Specifically, while newbuildings on order, including those recently placed by carriers, have risen to 17% of the total deployed capacity, this is still a significantly lower level versus prior years. Due to the lead time for vessels newbuilding, we have quite a firm outlook on the supply forecast moving forward. Though the order book grew from its lowest level of 8% back in October 2020, we do continue to view supply-demand fundamentals as favorable, particularly given demand growth expectations.
Based on an upwardly revised forecast in April, the IMF now projects that the global economy will grow by 6% in 2021. The low order book, combined with robust demand, has resulted in higher freight rates, which in turn have also allowed for increased charter higher rates as shipping companies are seeking to secure (inaudible).
Moving on to Slide 12. Supporting our sustained market strengths, demand is expected to surpass supply growth during 2021, according to Drewry. The port handling forecast suggests 8.7% and 4.7% growth for 2021 and 2022, respectively. This translates into a positive supply-demand picture, as seen in the chart on the right side of Slide 12. Drewry expects its supply-demand index to strengthen to 104.8 in 2021 due to increased port congestion and an expected demand bounce in excess of nominal fleet capacity growth.
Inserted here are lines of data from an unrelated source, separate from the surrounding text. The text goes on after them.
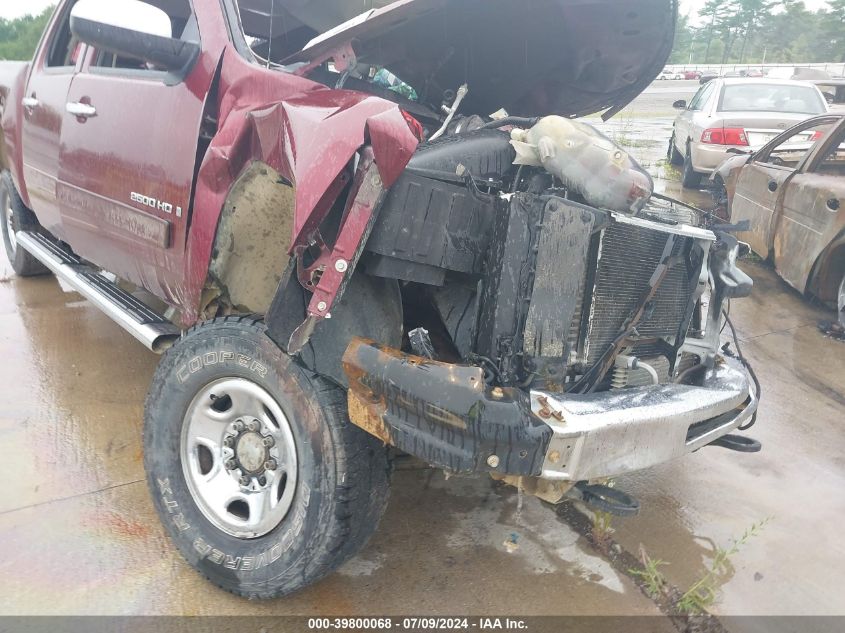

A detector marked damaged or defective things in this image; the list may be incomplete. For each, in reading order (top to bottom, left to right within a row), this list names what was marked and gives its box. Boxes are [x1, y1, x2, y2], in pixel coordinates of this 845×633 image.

crumpled hood [264, 0, 672, 119]
rusted car body [712, 112, 844, 326]
burned car [712, 115, 844, 330]
rusty bumper bracket [342, 336, 552, 474]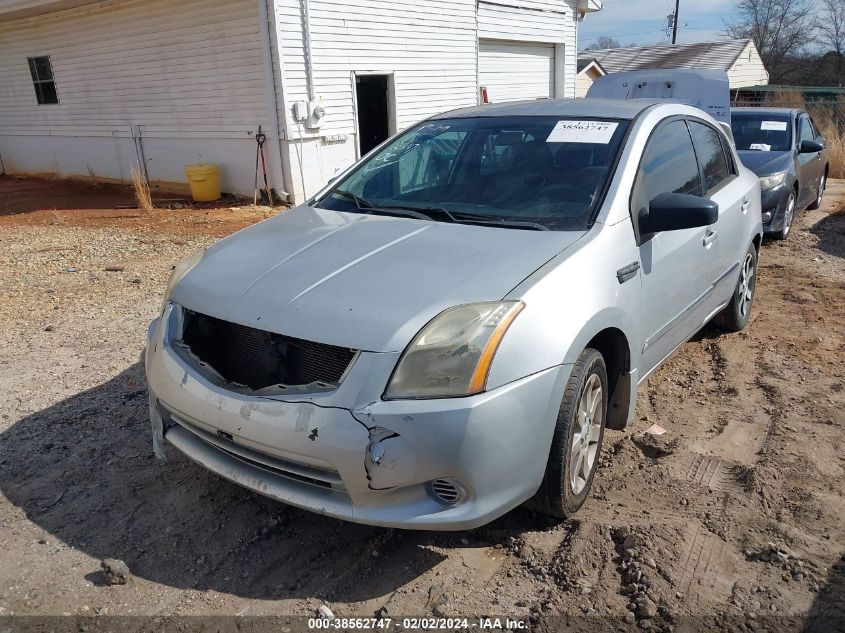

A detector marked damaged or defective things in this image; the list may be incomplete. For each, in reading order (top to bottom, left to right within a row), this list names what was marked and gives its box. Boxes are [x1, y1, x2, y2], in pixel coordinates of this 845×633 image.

cracked headlight [760, 173, 788, 190]
cracked headlight [162, 249, 208, 314]
cracked headlight [382, 302, 520, 400]
front bumper damage [145, 306, 572, 528]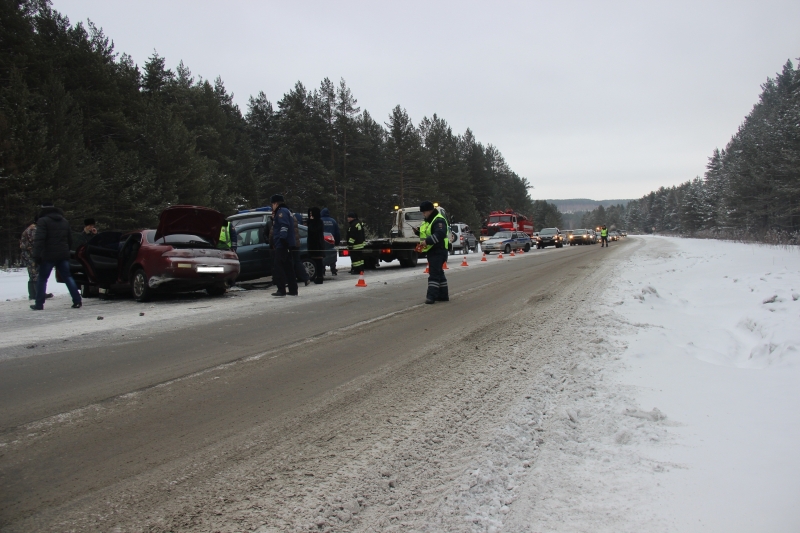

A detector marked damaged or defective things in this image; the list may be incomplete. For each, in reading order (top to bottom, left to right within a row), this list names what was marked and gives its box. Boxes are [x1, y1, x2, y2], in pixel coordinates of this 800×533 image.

damaged red car [70, 206, 239, 302]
This reflects GDP forecasts that are more optimistic than 3 months ago, with the exception that consumer demand -- sorry, with the expectation that consumer demand for durable goods will remain strong.
There is also the possibility of further demand growth as widespread vaccine rollouts continue globally. And in this upside scenario, Drewry anticipates a possible stronger boost to the consumer and company's confidence and its world port handling forecast for 2021 would then rise to a 10% growth.
Turning to the next slide. Freight rates are well above the past decade average with little indication of a reversal in the near term. Rising charter hire trends are correlated with demand, as is also reflected in the high spot rates. Our long-term contract negotiations highlight elevated demand for capacity and the particular strength we saw in rates more recently. Even as we expanded our presence in the transpacific with the launch of new lines, we had to limit volume commitments due to the higher demand despite our higher volume offering.
The long-term contracts, which took effect starting May 1, reflect an average rate increase of slightly above 50% when compared to 2020. With equipment shortages and port congestion persistence, we see freight rates remaining elevated through 2021. While vaccine rollouts should ease labor and productivity issues at ports, we expect, nevertheless, continued challenges related to handling more volume.
On the next slide, Slide 14, we address inventory and bunker prices. Retailers' inventory levels remain at the lowest in 20 years -- 28 years. We expect retailers to target the same inventory-to-sales ratio they had prior to the pandemic. Inventory levels have not yet been rebuilt despite the booming demand.
In terms of the impact on container demand, we continue to expect import growth for the entirety of 2021 to remain elevated compared to 2020, simply to rebuild inventories. The typical development in sales in the United States could, through inventory replenishment, sustain strong import container growth for the whole of 2021.
Turning to the right side of the slide, the price of oil increased with expectations of a fuel demand recovery in the U.S. and Europe as lockdowns ease and economic activity picks back up. And we assumed slightly higher bunker prices when providing our current guidance as compared to our assumptions earlier this year.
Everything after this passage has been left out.